Et cette manière va se conforter dans les peintures suivantes, convoquant peintres anglais et Nabis dans leur manière douce de dépeindre des moments de temps suspendu. Notons également que c’est un peintre « d’esquisse », c’est à dire qu’il ne semble ne jamais finir ses toiles, ce qui leur donne ce mouvement de vie si particulier.
Plus rien de chinois dans les modèles, plutôt des Occidentaux (parfois Russes) qui trouveraient bien leur place chez Bonnard ou chez Whistler. Le peintre a eu des professeurs en Chine qui ont voyagé en Europe, ceci peut expliquer cela.


Les portraits sont très réussis, nos artistes occidentaux ne les auraient pas reniés.

C’est également un dessinateur qui excelle à saisir l’expression et les contours du corps dans leur réalisme.

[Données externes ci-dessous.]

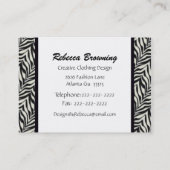 Zebra Print Butterfly Business Card (Back)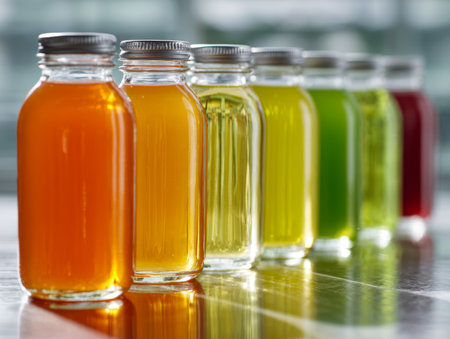 A vivid array of glass vessels brimming with lively hues, creating a smooth transition from warm orange to deep crimson, mirrored gently on a gleaming surface underの写真素材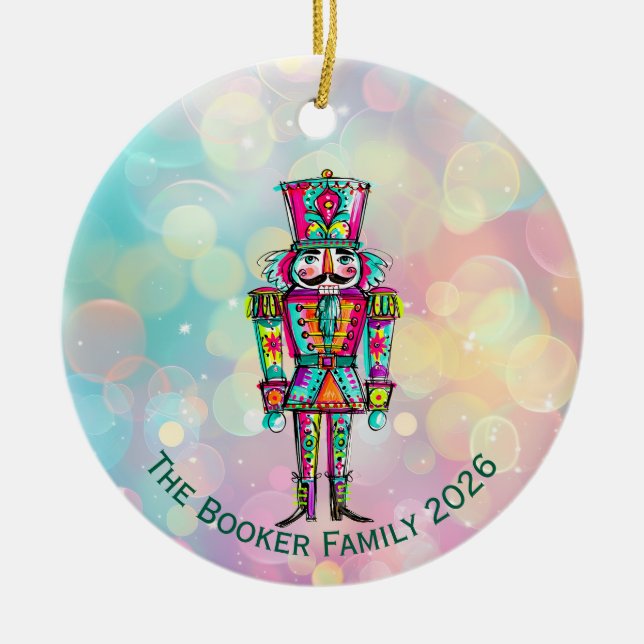 Rainbow Pride Pink Nutcracker Christmas Ceramic Ornament (Front)
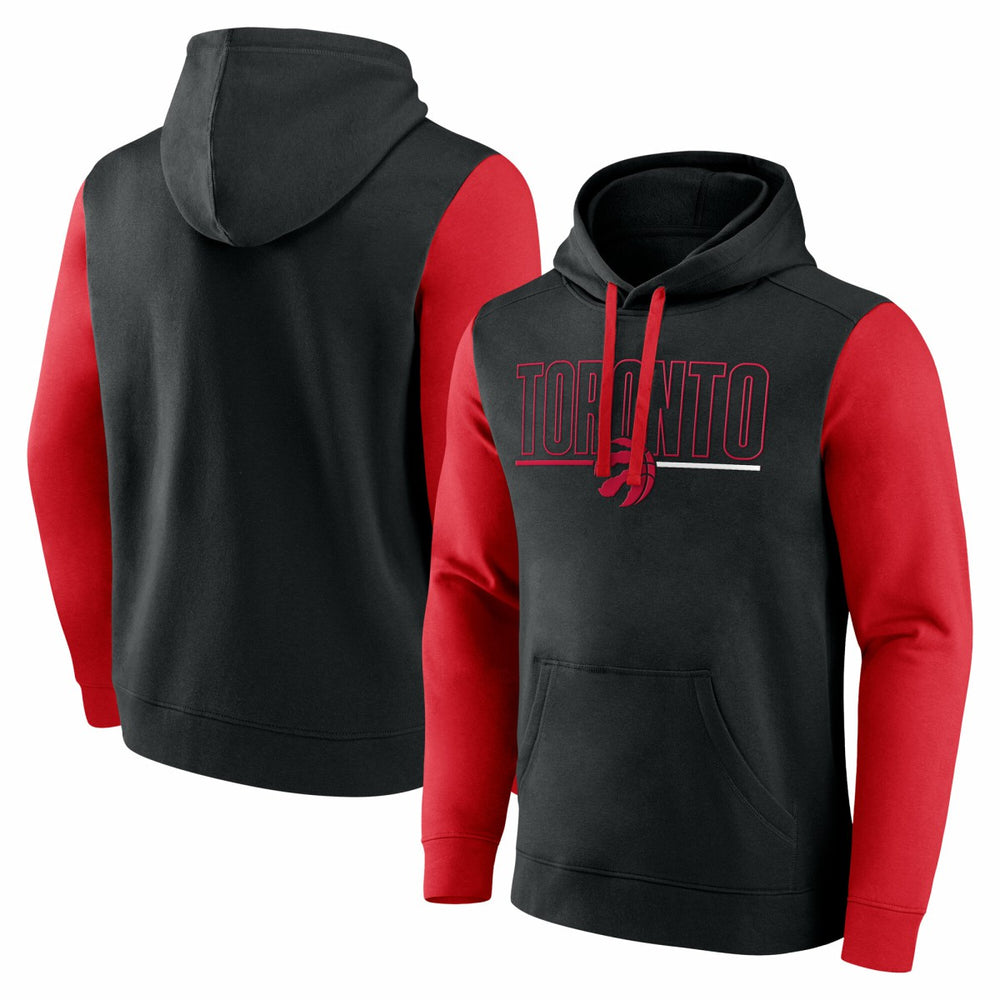 NBA - Toronto Raptors Logo Athletic Outline Colorblock Pullover Hoodie - Black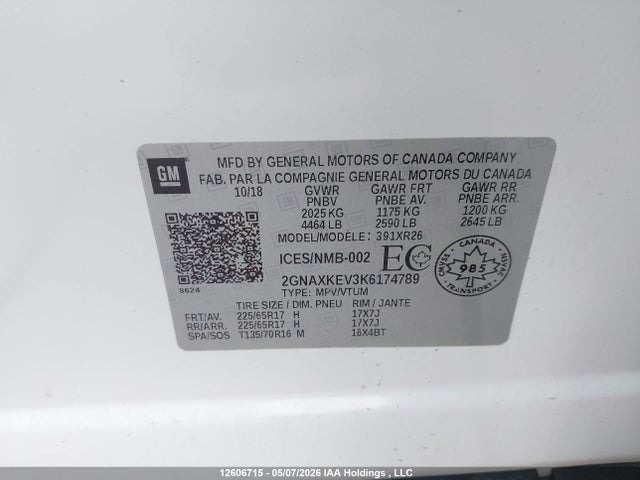 Продаж на аукціоні авто 2019 Chevrolet Equinox Lt, vin: 2GNAXKEV3K6174789, номер лоту: 12606715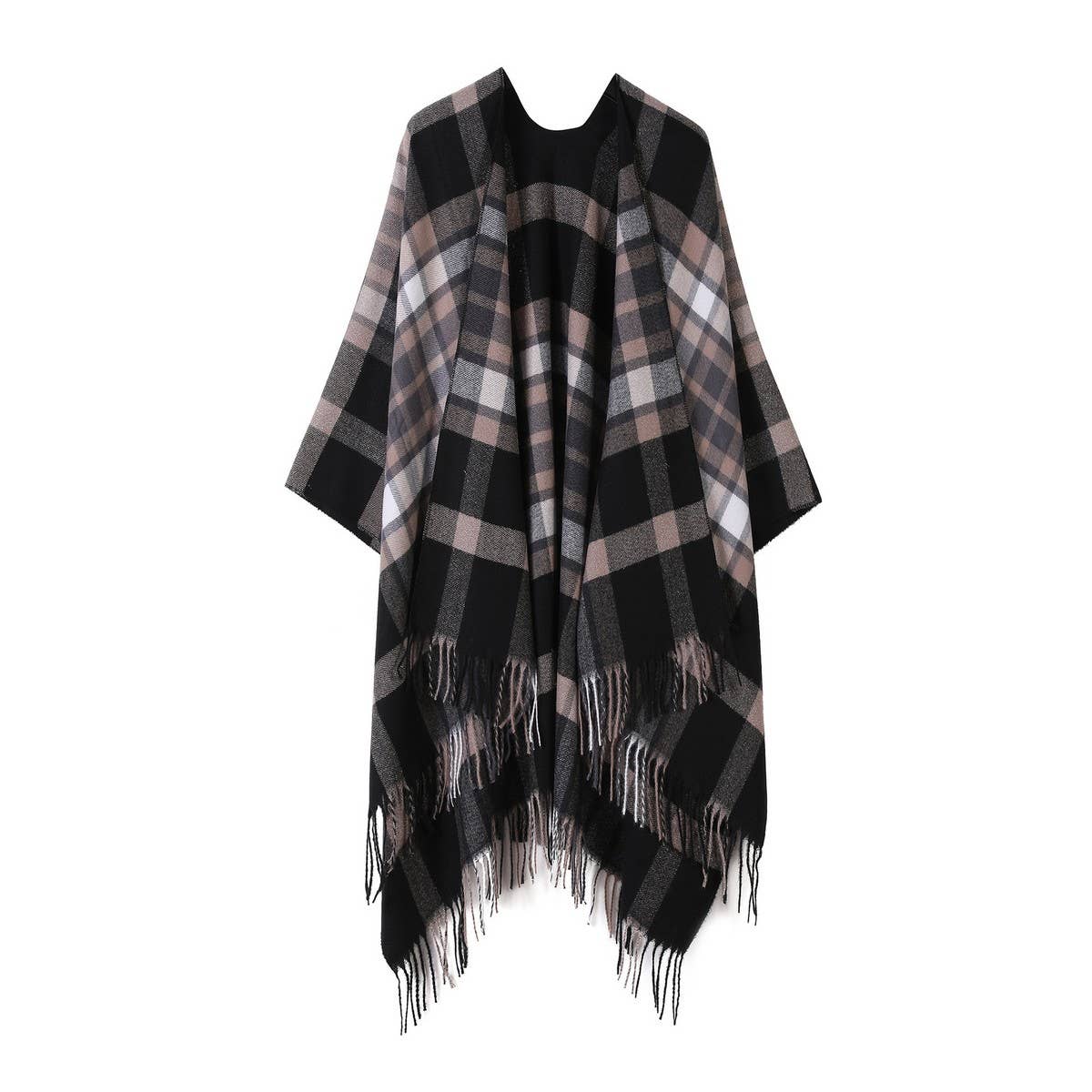 PLAID SHAWL TASSEL LARGE SCARF WARM SPLIT CAPE_CWASC2210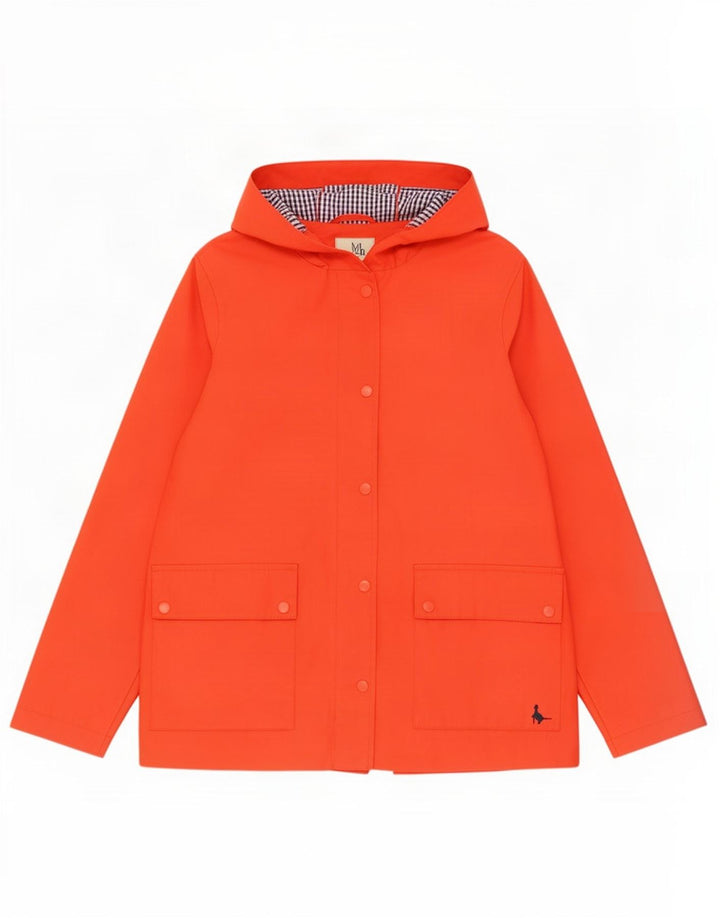 Jack Wills Regnjakke med hætte til kvinder UK 12 Medium Rød Polyester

Bref, une exposition bizarre, dont l’intérêt, au-delà de certaines oeuvres bien belles, réside dans le contexte douteux qui l’entoure.
Je ne saurais jamais si ce que j’ai vu ici a été peint par ce peintre ou même si ce peintre existe ? Mise en abyme vertigineuse qui peut nous interroger à notre rapport à l’art ; dans tous les cas, c’est la conclusion à laquelle je suis arrivée.
FB
Ses portraits sont excellents, jeunes filles, jeunes femmes, le marin. Merci pour ton reportage en forme d’enquête : plusieurs peintres, pour un seul nom ?
Peux-tu acquérir le catalogue, des cartes postales ?
Ici, la tendance est aux peintres femmes. Ainsi, on a bien oublié Rosa Bonheur, dont on pouvait voir une toile dans une rétrospective générale – comme l’exposition très réussie sur les » Femmes créatrices » à Rennes été 2019. Ou avec deux autres femmes peintres, dont Madeleine Lemaire, » autour de Proust », au Musée Marmottan, ( il faudrait que je retrouve le petit catalogue ). Et voilà qu’on s’intéresse à sa maison, à sa vie, et enfin à son oeuvre, car une rétrospective lui sera consacrée en 2022 au Musée d’Orsay.